Canonical expressions for the surfaces obtained from classical sigma models

Abstract:
The construction of real surfaces in N²-1 dimensions, obtained from the sigma model, has been discussed in different papers during the last years. It is based on the properties of the relevant projectors constructed from finite action solutions of the sigma model. Let us remind that one gets three classes of such solutions, namely holomorphic, antiholomorphic and mixed. The mixed solutions can be determined from either the holomorphic or the antiholomorphic nonconstant functions. The procedure is well-known.

It has been shown recently that some of these surfaces are related to a fundamental projector P₀, constructed out of holomorphic solutions.
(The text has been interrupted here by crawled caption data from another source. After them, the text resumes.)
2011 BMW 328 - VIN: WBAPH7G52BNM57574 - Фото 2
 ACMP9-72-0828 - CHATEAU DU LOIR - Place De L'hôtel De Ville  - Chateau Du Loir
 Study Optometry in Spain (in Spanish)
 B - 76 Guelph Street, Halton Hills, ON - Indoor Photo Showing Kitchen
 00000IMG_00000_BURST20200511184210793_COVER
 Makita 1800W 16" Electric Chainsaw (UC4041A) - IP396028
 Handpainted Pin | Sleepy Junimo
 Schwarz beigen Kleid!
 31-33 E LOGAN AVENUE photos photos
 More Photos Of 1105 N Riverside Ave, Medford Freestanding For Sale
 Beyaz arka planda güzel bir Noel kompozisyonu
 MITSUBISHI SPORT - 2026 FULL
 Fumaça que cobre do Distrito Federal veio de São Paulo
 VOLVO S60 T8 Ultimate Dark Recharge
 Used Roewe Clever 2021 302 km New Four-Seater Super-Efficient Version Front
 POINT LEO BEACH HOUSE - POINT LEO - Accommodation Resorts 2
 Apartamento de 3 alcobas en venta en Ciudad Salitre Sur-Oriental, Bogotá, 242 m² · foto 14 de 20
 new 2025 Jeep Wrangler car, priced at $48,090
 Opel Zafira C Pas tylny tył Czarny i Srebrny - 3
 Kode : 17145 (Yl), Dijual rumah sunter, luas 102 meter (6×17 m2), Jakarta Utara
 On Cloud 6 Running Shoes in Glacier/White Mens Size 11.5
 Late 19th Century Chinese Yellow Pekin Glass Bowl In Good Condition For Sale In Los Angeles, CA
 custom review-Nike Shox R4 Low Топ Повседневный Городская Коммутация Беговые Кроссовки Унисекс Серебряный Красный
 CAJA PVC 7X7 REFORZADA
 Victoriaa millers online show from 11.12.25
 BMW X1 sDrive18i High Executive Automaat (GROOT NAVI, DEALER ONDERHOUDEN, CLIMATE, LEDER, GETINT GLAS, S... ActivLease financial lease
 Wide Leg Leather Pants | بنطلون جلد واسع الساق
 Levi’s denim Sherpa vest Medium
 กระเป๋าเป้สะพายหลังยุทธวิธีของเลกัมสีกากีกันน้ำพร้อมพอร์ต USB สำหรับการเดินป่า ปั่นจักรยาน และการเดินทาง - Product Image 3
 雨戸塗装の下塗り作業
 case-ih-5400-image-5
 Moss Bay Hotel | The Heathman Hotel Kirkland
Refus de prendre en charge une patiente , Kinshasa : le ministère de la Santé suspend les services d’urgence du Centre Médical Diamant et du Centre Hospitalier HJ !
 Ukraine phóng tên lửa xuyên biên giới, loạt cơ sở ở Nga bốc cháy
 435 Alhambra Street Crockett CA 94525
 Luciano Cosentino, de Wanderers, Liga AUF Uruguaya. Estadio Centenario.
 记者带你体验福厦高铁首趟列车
New surfaces were also obtained by constructing new projectors out of mixed solutions. In this paper, we want to give a description of such surfaces through a canonical formalism. Indeed, starting from an orthogonal projector P constructed from solutions of the sigma model, we will describe a procedure to get the coordinates of the radius real vector X in N²-1 dimensions which give rise to a canonical expression of the corresponding surface. This surface is characterised by a quadratic equation on the components of this vector.

The question of independence of the coordinates is also considered. We give a complete proof of the fact that we have only 2(N-1) real independent quantities for projectors of rank 1 and N-1. For the other cases, partial results are exhibited for relevant special solutions constructed form the holomorphic Veronese sequence.